ZuInnoTe / hadoopcryptoledger

Hadoop Crypto Ledger - Analyzing CryptoLedgers, such as Bitcoin Blockchain, on Big Data platforms, such as Hadoop/Spark/Flink/Hive
Apache License 2.0
141 stars 51 forks source link

Use long to represent a 4-byte unsigned integers #70

Closed phelps-sg closed 3 years ago

phelps-sg commented 3 years ago

The fields in org.zuinnote.hadoop.bitcoin.format.common.Block use Java's primitive int. The problem here is that Java integers have a sign bit whereas the blockchain protocol uses 4-byte unsigned integers. This means that if there are field values greater than 2^31 they will be represented as negative values.

Ideally the fields should be represented internally in Java as 64-bit long, and then serialized or deserialized as 4-byte unsigned integers.

jornfranke commented 3 years ago

Are you sure this is needed? For the int fields it does not matter as they need to be anyway converted (e.g. time etc.). So there is no need to have them as long. The fields are just containers that store the bits. For example, time - it can be converted to a real datetime based on on the int. May I know the use case that you have in mind.

jornfranke commented 3 years ago

I propose to add the conversion functions to BitcoinUtil to keep the data size in Block minimal.

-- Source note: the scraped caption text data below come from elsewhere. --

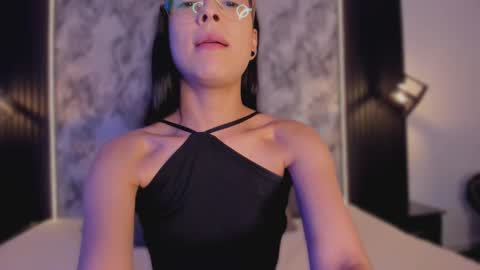 Snapshot of mialarouse chatting on March 2, 8:26 pm Mia Larouse online show from March 2, 8:26 pm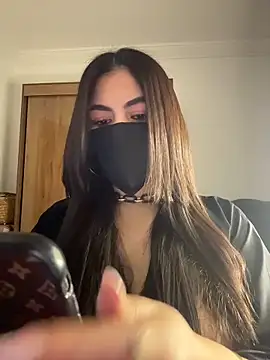 Hot-Sarah-arab online show from 02/14/26, 07:14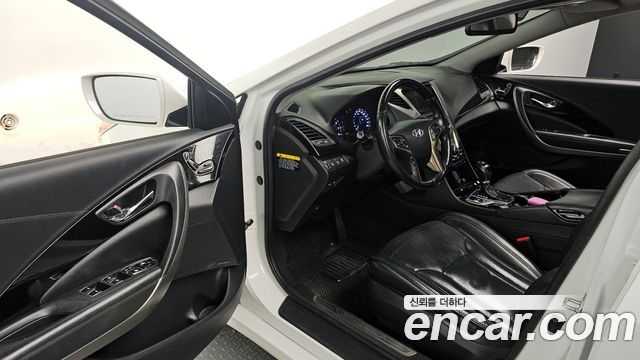 Hyundai Grandeur 2012 — photo 11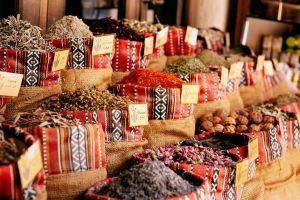 Gewürze auf dem Straßenmarkt in Dubai.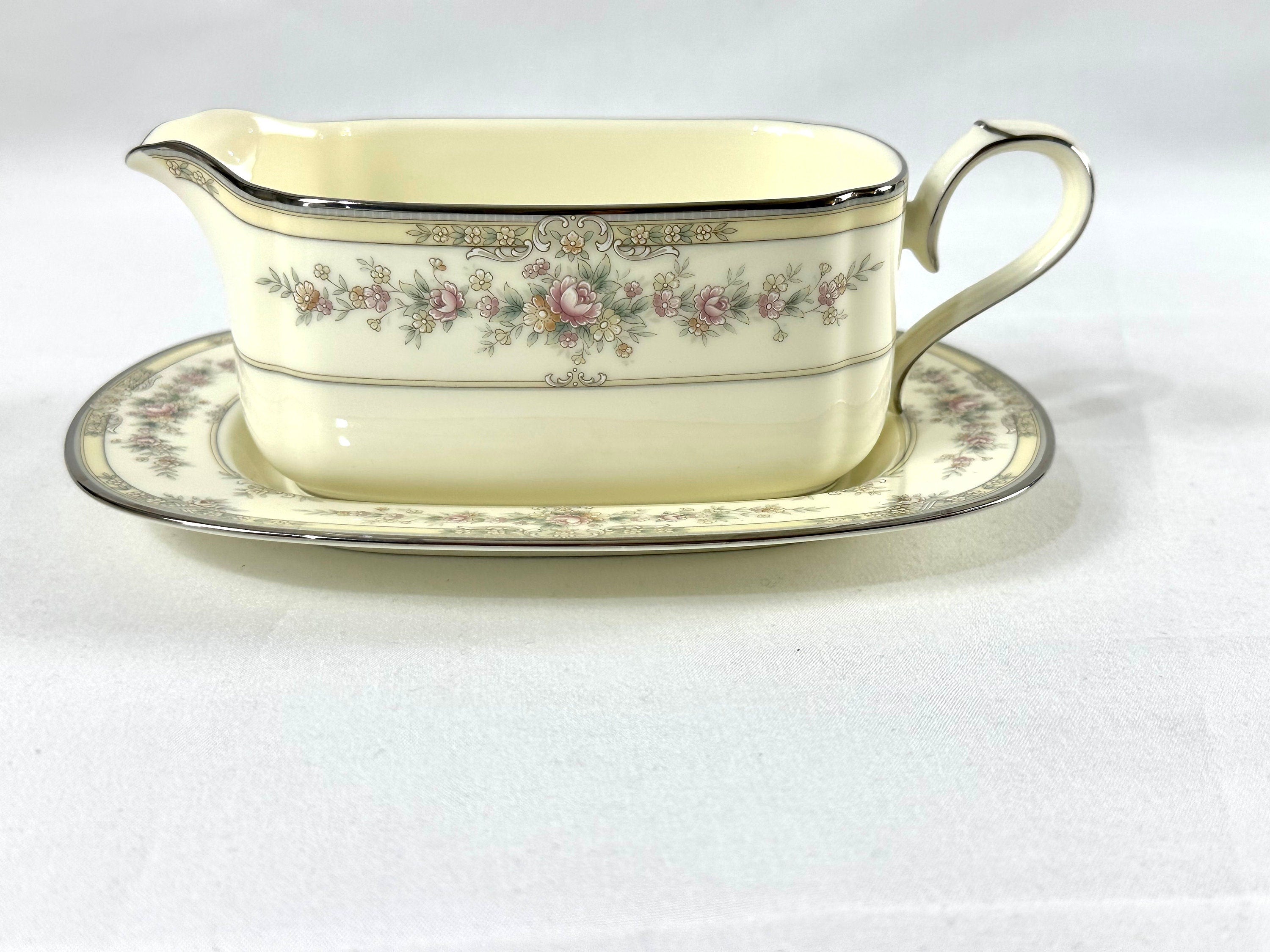 Noritake Shenandoah Gravy Boat and Underplate/Butter Dish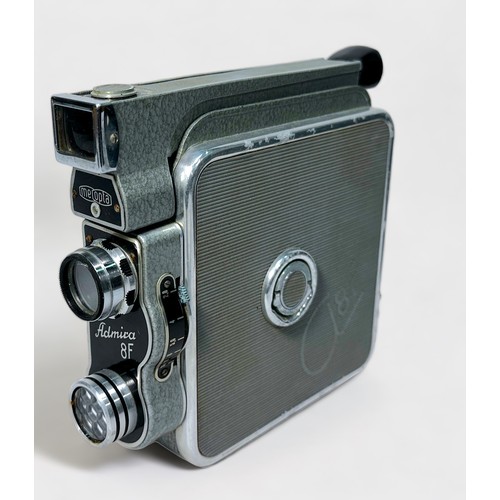 487 - A collection of assorted vintage box cameras comprising mostly Kodak, to include, Eastman Kodak No. ...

phelps-sg commented 3 years ago

The fields are just containers that store the bits. If this were true, then why bother to parse them into typed fields at all; you could just store the original little-endian raw bits.

For example, time - it can be converted to a real datetime based on on the int.

  • Sometimes you just care about the time-ordering and/or the time-intervals which you can compute using the standard operators - and <. Negative values would break this.
  • The standard way to convert an integer time-stamp (epoch time) to a java.util.Date is through the constructor. However, if we pass a negative epoch we obtain dates before the epoch:
scala> new Date(-10000)
res1: java.util.Date = Thu Jan 01 00:59:50 GMT 1970

Yes, we can go back to the original bits, and reparse them as a long, but then why bother parsing them as an int- we have to do the work twice.

I propose to add the conversion functions to BitcoinUtil to keep the data size in Block minimal.

See https://stackoverflow.com/questions/6909414/do-methods-in-class-instances-take-a-place-in-memory.

phelps-sg commented 3 years ago

I accept though that this changing from int to long could increase the memory and storage footprint significantly.

For the date field it is not a problem for a while yet ;-), and probably not for the bits.

The nonce could overflow though. It's not a huge deal but makes it inconsistent a standard blockexplorer.

jornfranke commented 3 years ago

the pull request does not match the issue content.

Please do not work on any issues before it has been agreed and discussed. Otherwise we cannot accept pull requests.